If you have not already done so, suggest you change your passwords without delay.

Tens Of Thousands of Email Usernames and Passwords Posted Online By Phishers

Hotmail, Gmail, Yahoo, and other email users' accounts exposed

Oct 06, 2009 | 03:37 PM

By Kelly Jackson Higgins

DarkReading

Lists containing tens of thousands of stolen email account usernames and passwords have shown up online over the past few days in what researchers say likely came out of multiple phishing attacks.

Most of the accounts were from Microsoft's Hotmail, but Google's Gmail, Yahoo, Comcast, and Earthlink accounts also showed up on lists posted on Pastebin.com, a site typically used for developers to share code. Neowin reported yesterday that 10,000 or so Hotmail account details being posted online on October 1, and since then, several other lists were discovered that include email accounts from Gmail and the other providers.

Microsoft and Google both confirmed that some of the account information is legitimate, and that the information was likely stolen via phishing scams, not breaches of their mail systems. Just how those phishing scams were executed is unknown so far.

More details on this topic at DarkReading - http://www.darkreading.com/security/vulner...cleID=220301344

Also read this topic at CNET on how to avoid being a victim of an e-mail phishing scam.

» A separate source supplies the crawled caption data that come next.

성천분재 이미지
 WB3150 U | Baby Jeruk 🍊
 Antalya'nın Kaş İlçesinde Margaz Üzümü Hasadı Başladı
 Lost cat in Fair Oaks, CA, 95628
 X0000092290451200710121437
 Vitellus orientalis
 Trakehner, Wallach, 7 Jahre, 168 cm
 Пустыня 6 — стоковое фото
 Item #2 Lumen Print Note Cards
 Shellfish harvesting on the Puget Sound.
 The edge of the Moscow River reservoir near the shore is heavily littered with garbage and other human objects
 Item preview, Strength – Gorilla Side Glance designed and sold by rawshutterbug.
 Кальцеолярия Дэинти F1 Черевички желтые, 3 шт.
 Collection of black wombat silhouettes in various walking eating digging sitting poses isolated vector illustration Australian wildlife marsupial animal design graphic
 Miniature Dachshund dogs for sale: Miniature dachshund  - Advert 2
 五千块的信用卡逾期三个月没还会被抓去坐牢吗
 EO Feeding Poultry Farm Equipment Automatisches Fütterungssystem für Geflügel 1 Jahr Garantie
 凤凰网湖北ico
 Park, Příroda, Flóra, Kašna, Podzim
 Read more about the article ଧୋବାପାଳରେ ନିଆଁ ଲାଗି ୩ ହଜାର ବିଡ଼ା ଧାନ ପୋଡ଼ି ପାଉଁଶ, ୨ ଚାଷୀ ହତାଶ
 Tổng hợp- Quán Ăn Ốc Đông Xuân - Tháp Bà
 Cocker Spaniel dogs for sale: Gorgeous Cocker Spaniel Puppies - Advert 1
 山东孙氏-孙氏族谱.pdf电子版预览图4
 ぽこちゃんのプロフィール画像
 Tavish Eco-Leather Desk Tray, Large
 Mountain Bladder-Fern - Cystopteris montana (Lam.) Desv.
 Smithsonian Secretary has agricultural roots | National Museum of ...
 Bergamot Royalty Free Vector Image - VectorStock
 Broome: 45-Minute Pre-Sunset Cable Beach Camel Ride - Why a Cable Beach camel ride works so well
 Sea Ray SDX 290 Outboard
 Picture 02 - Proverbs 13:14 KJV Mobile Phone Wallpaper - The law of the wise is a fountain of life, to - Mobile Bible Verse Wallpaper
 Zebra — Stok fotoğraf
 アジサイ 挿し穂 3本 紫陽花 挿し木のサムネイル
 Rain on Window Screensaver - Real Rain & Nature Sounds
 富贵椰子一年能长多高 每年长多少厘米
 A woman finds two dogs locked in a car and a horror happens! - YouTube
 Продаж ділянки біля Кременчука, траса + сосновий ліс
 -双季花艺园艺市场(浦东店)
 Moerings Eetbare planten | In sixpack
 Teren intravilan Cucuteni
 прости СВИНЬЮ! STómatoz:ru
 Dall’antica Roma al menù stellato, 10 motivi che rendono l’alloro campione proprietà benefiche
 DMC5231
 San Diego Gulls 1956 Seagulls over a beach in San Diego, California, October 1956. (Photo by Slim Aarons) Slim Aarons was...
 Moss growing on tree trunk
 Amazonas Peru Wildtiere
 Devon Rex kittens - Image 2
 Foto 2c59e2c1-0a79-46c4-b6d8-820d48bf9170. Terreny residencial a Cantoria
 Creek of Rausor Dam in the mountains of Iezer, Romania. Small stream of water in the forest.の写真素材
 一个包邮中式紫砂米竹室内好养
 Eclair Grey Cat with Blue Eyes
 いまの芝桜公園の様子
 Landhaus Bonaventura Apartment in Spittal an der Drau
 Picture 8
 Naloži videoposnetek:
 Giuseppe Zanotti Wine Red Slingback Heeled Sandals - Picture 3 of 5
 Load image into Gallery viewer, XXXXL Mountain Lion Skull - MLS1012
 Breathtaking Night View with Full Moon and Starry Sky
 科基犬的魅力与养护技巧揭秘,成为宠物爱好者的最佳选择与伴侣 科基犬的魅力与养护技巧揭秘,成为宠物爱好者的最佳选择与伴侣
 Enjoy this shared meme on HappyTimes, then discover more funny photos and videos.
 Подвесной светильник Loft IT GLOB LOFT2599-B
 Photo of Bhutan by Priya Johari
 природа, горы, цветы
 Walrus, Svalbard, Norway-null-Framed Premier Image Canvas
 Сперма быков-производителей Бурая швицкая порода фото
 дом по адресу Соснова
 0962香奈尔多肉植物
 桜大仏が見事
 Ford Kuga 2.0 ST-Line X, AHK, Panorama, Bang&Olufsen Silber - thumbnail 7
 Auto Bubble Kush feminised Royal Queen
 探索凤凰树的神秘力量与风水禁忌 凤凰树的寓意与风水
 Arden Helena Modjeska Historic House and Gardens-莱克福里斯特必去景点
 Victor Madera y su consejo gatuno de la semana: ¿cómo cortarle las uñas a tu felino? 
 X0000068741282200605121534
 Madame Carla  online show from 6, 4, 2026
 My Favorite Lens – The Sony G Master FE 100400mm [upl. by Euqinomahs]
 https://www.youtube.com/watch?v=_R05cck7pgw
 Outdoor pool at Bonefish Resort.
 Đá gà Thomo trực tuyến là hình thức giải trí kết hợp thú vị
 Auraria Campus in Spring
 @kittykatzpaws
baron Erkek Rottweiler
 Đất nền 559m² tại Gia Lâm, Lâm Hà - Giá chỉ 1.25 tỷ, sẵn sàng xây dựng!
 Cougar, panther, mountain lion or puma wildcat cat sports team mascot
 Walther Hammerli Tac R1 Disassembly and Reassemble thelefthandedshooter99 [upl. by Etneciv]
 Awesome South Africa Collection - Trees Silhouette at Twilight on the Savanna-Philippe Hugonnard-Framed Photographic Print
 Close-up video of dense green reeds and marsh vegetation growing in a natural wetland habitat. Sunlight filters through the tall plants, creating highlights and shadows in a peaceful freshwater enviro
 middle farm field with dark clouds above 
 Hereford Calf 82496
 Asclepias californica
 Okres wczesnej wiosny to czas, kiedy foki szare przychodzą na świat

*Change passwords regularly

consider using a password manager like LastPass (free) or RoboForm that can generate and manage strong passwords.

* Click cautiously

* Look for secure sites

* Use a phishing filter and good antimalware software.

* Think critically

http://news.cnet.com/security/

[TheTerrorist_75]

10,000 out of how many millions of email addresses show that there aren't too many idiots in this world opening bogus emails. Some day people will learn.

[Peaches]

Maybe security forums such as this one are finally getting through to many users ... I certainly hope so but then there are users who simply cannot be bothered to take the precautions - I have had one person that I know ask me why she should not send her email address to an email request claiming to be from Bill Gates of Microsoft offering money. I told her to begin with Bill Gates is no longer with Microsoft and secondly she had better believe Microsoft does not give away anything or send emails to that effect. She still doubted me but in the end took my advice and deleted the message.

[hitest]

I think it is somewhat akin to natural selection, that is, the stupid computer users get killed off by phishing and hackers.